PRINCIPALES OBSERVATIONS

1. La professionnalisation des armées : un « accomplissement » globalement réussi

Objectif premier de la loi de programmation qui s'achève, la « professionnalisation » des armées s'est accomplie de manière « globalement » satisfaisante.

Il convient de saluer l'ampleur de cette réforme, assise sur des suppressions massives d'emplois et des mesures conséquentes de reconversion et d'incitation au départ. Aucun ministère civil n'a, à ce jour, été en mesure de réussir une telle démarche.

A nouveau d'ailleurs, le ministère de la Défense donne l'exemple en étant le premier à achever les négociations syndicales relatives à l'application des 35 heures pour les effectifs civils, et le premier à mettre en oeuvre, enfin, la jurisprudence Berkani visant à intégrer, sauf décision contraire, les personnels contractuels dans les effectifs de la fonction publique.

A moins de 1 % près, l'objectif global des effectifs budgétaires est donc respecté : la Défense emploiera en 2002 un effectif budgétaire de 436.221 personnes, soit le cinquième des effectifs civils.

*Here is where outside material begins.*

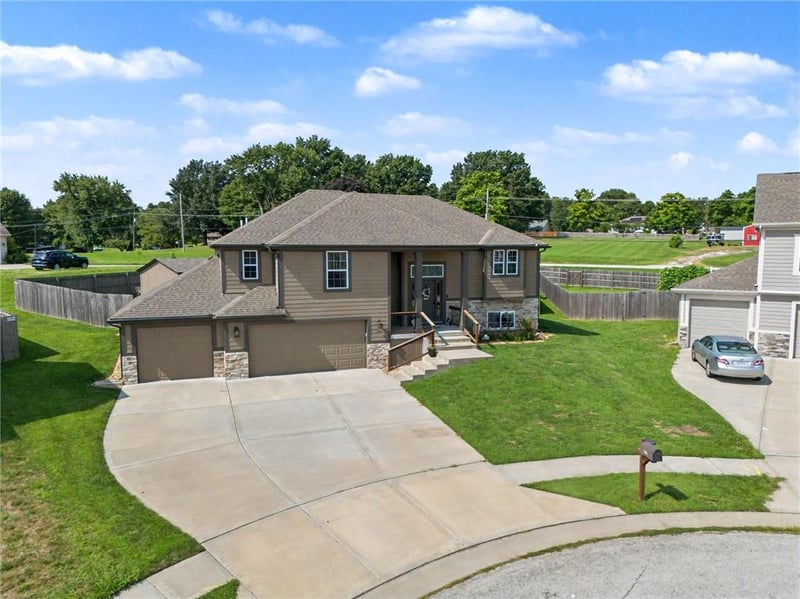 1401 NE 182nd St, Smithville, MO 64089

Quelques ajustements doivent toutefois être soulignés au regard des effectifs réels et des objectifs plus détaillés, qui, s'ils perdurent, pourraient constituer des facteurs de perturbation, au regard du « modèle d'armée 2015 » : un peu plus de militaires du rang que prévu, beaucoup plus de gendarmes, et beaucoup moins de personnels civils. Certains secteurs spécifiques, comme les médecins, les informaticiens, les atomiciens ou les plongeurs-démineurs apparaissent d'ores et déjà vulnérables, voire franchement déficitaires.

2. Mais une consolidation qui reste entièrement à faire

Les motifs d'inquiétude concernent les perspectives. Certes, la professionnalisation est « accomplie ». Mais elle n'est pas consolidée pour autant.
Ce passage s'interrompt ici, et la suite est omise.